Le procureur de la Cour pénale internationale (CPI), Karim Khan, a annoncé lundi la demande de mandats d’arrêt contre le Premier ministre israélien Benyamin Nétanyahou, le ministre de la Défense Yoav Gallant, ainsi que plusieurs dirigeants du Hamas. Cette décision intervient après des années d’enquête sur des crimes de guerre et des crimes contre l’humanité présumés commis dans la bande de Gaza et en Israël.
Cette requête du procureur couvre des événements remontant à 2021 et inclut les violences récentes.
Les accusations contre Benyamin Nétanyahou et Yoav Gallant sont particulièrement sévères. Elles incluent « l’affamement délibéré de civils », « l’homicide intentionnel » et « l’extermination ». Les dirigeants du Hamas, de leur côté, font face à des accusations de « l’extermination », « le viol et d’autres formes de violence sexuelle », ainsi que de « la prise d’otages en tant que crime de guerre ».
Karim Khan a déclaré que son équipe avait rassemblé un « volume important » de preuves sur des « incidents pertinents », affirmant que ces éléments démontraient clairement la culpabilité des individus visés. L’enquête, lancée en 2021, a été étendue pour inclure l’escalade des hostilités et de la violence depuis les attaques du Hamas du 7 octobre 2023 sur le sol israélien.
La demande de mandats d’arrêt ne signifie pas automatiquement leur émission.
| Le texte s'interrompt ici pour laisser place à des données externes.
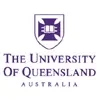 The University of Queensland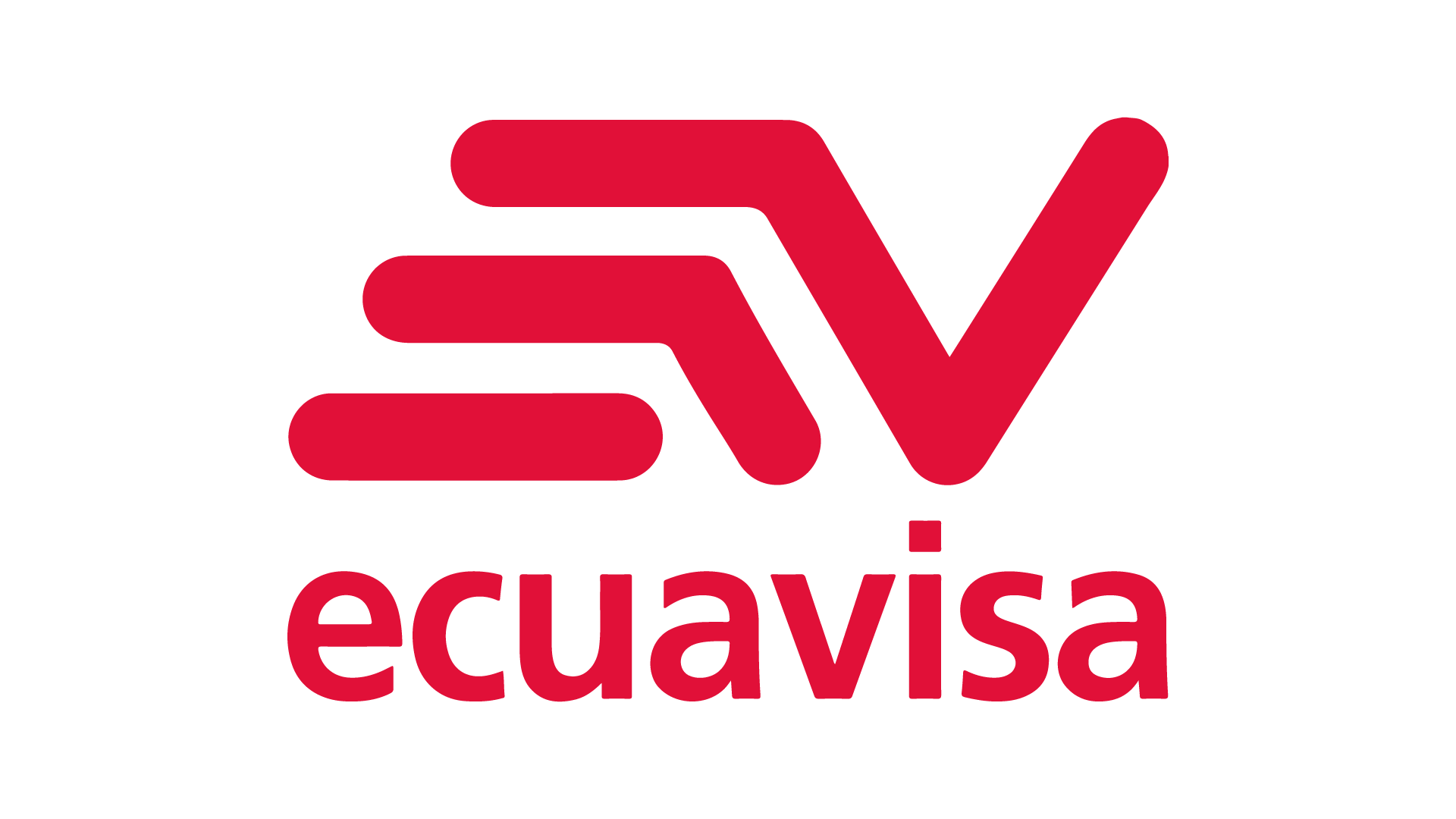 Ecuavisa En Vivo Online Teleame Directos Tv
Le bureau du procureur a transmis ses conclusions aux chambres préliminaires de la CPI, composées de trois juges indépendants, chargées de déterminer s’il existe des motifs raisonnables de croire que les personnes visées ont commis les crimes en question.
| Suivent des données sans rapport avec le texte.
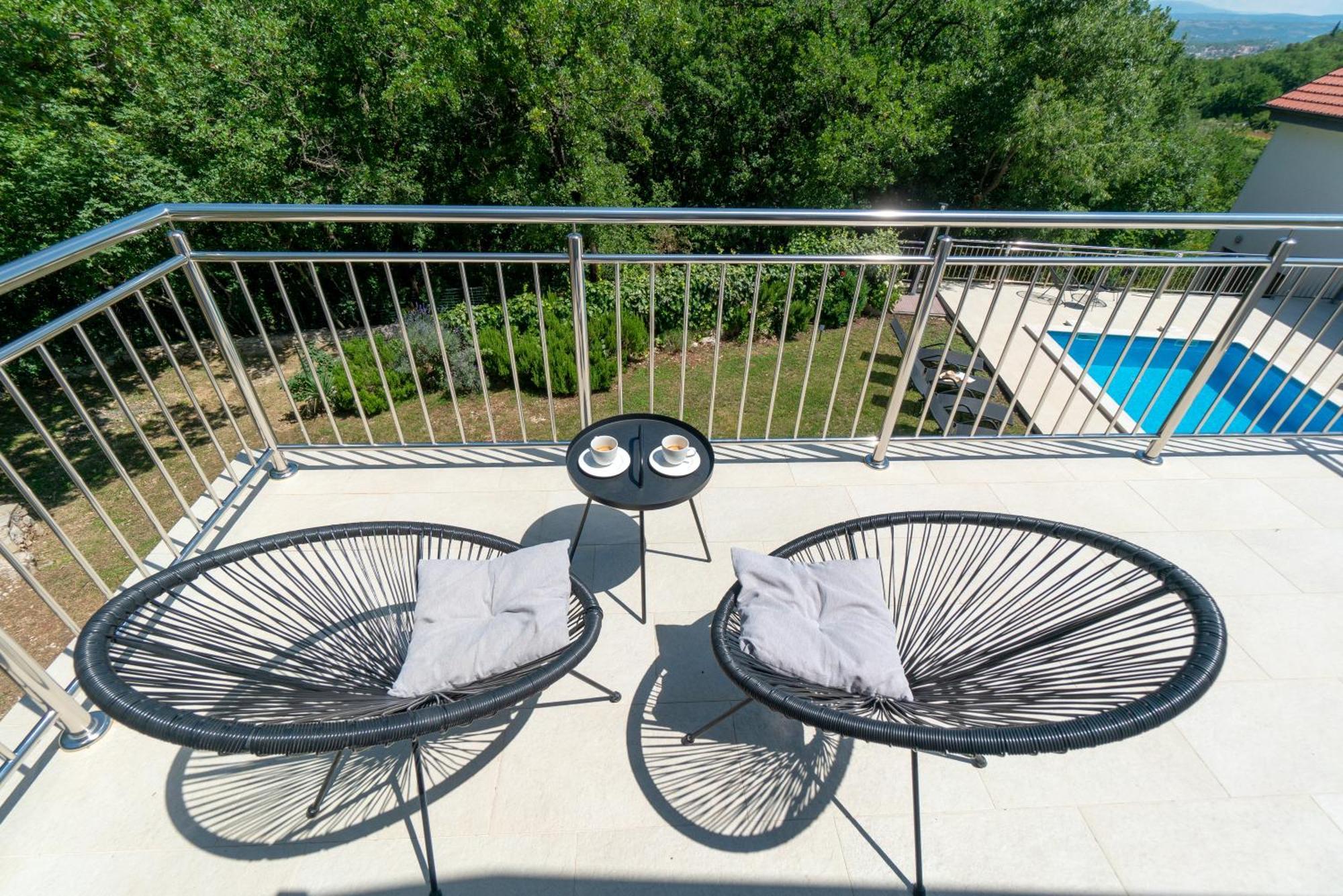 אומיס Apartments Srdanovic מראה חיצוני תמונה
Si les juges estiment que les preuves sont insuffisantes, ils peuvent demander au procureur de fournir davantage d’éléments ou de modifier les charges. Ils ont également la possibilité de rejeter complètement la demande. Cependant, Olivier Corten, professeur de droit international à l’université libre de Bruxelles, estime que les rapports du procureur sont suffisamment détaillés et rigoureux pour que les juges émettent une décision définitive.
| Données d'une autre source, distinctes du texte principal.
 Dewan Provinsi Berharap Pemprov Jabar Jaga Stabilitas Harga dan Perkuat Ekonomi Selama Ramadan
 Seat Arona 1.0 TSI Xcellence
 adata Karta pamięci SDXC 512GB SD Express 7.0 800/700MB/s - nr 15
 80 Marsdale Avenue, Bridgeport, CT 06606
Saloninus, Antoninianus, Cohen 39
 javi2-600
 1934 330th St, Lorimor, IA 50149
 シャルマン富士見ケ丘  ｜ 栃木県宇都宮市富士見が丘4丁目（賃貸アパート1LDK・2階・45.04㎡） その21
L’annonce de la demande de mandats d’arrêt a suscité des réactions vives à travers le monde. Les partisans de la CPI voient cette démarche comme une avancée majeure vers la justice et la responsabilisation des dirigeants politiques et militaires. Cependant, Israël a réagi avec colère, on peut le comprendre, rejetant la légitimité de la CPI et accusant l’institution de partialité.
La question de l’arrestation des personnes visées est également complexe. Si un mandat d’arrêt est émis, tout État membre de la CPI serait théoriquement obligé d’arrêter Benyamin Nétanyahou s’il se trouvait sur leur territoire. Néanmoins, la CPI ne dispose pas de force de police propre et dépend de la coopération des États membres. Israël, les États-Unis, la Chine et la Russie ne sont pas membres de la CPI, offrant ainsi une certaine protection aux personnes visées par ces mandats d’arrêt.
Au-delà des aspects pratiques, cette demande envoie un message fort :
Ce qu’a fait le bureau du procureur, c’est de montrer qu’il n’y a pas d’État au-dessus des lois, de dirigeant au-dessus des lois et qu’une vie palestinienne vaut autant qu’une vie israélienne
commente Emmanuel Daoud, avocat spécialiste en droit pénal international.
Cette action souligne l’engagement de la CPI à poursuivre tous les individus responsables de crimes graves, quels que soient leur statut ou leur influence politique.
Les juges de la chambre préliminaire doivent maintenant prendre leur décision. Le processus peut être long, avec des semaines voire des mois s’écoulant entre la demande de mandat d’arrêt et la décision finale. Si les juges émettent les mandats d’arrêt, les personnes visées seront officiellement recherchées par la CPI. En cas d’arrestation, elles seront entendues en comparution initiale, suivie d’une audience avec l’accusation et les représentants légaux des victimes. Les juges décideront ensuite s’il existe suffisamment de preuves pour renvoyer l’affaire en jugement.